Par ces motifs, la Cour des assurances sociales prononce :
I. Le recours est admis.
II. La décision rendue le 15 mai 2013 par l’Office de l’assurance-invalidité pour le canton de Vaud est annulée, la cause étant renvoyée à cet office pour complément d’instruction au sens des considérants puis nouvelle décision.
III. Un émolument judiciaire de 400 fr. (quatre cents francs) est mis à la charge de l’Office de l’assurance-invalidité pour le canton de Vaud.
IV. L’Office de l’assurance-invalidité pour le canton de Vaud versera à la recourante une indemnité de 1'500 fr. (mille cinq cents francs) à titre de dépens.
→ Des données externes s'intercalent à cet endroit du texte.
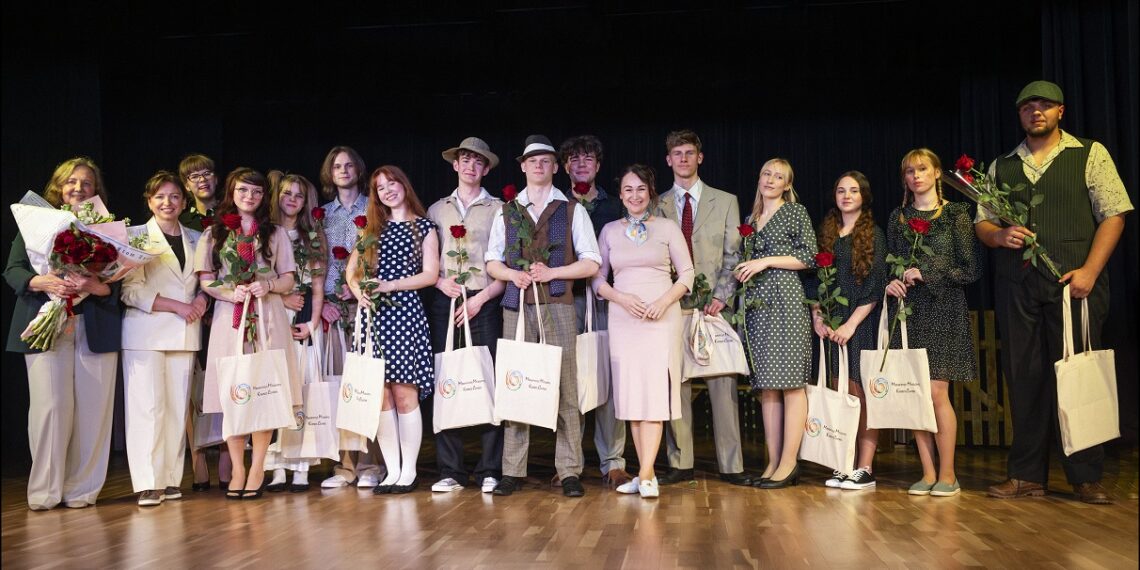 Marijampolės moksleivių kūrybos centro Dramos studijos jaunieji aktoriai pristatė spektaklį „Škac, mirtie, visados škac!"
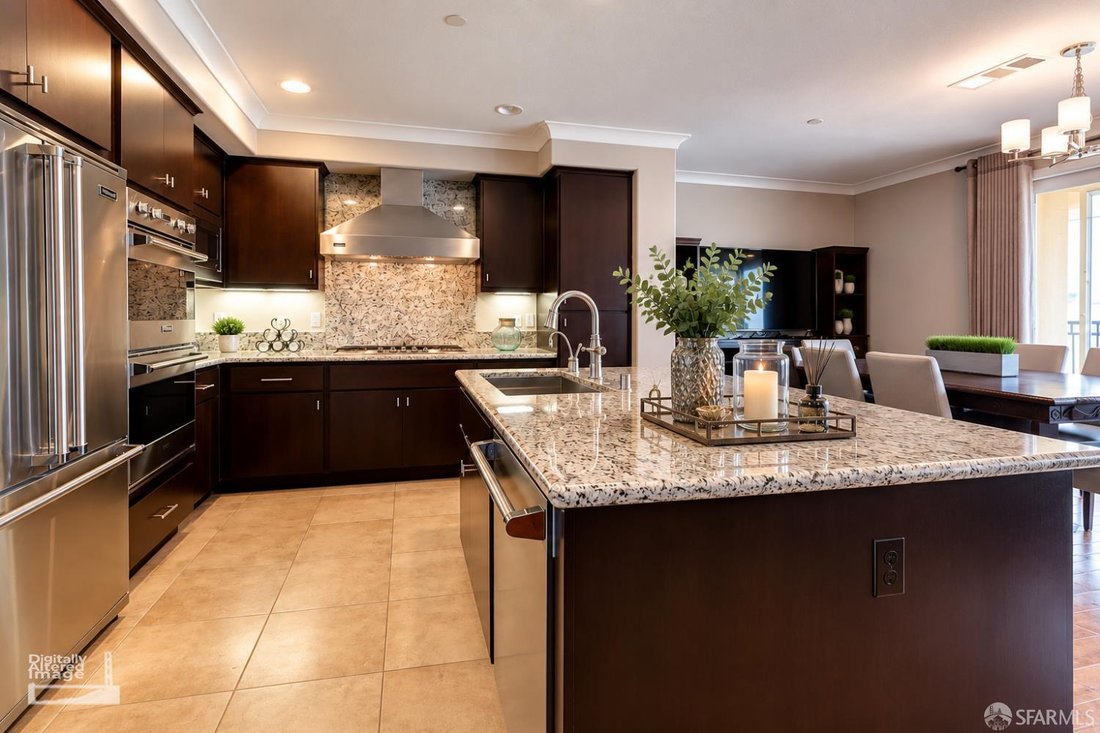 Condo in San Francisco, California, United States 5 - 18589058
La présidente : La greffière :
Du
L'arrêt qui précède, dont la rédaction a été approuvée à huis clos, est notifié à :
Office fédéral des assurances sociales
par l'envoi de photocopies.
Le présent arrêt peut faire l'objet d'un recours en matière de droit public devant le Tribunal fédéral au sens des art. 82 ss LTF (loi du 17 juin 2005 sur le Tribunal fédéral ; RS 173.110), cas échéant d'un recours constitutionnel subsidiaire au sens des art. 113 ss LTF. Ces recours doivent être déposés devant le Tribunal fédéral (Schweizerhofquai 6, 6004 Lucerne) dans les trente jours qui suivent la présente notification (art. 100 al. 1 LTF).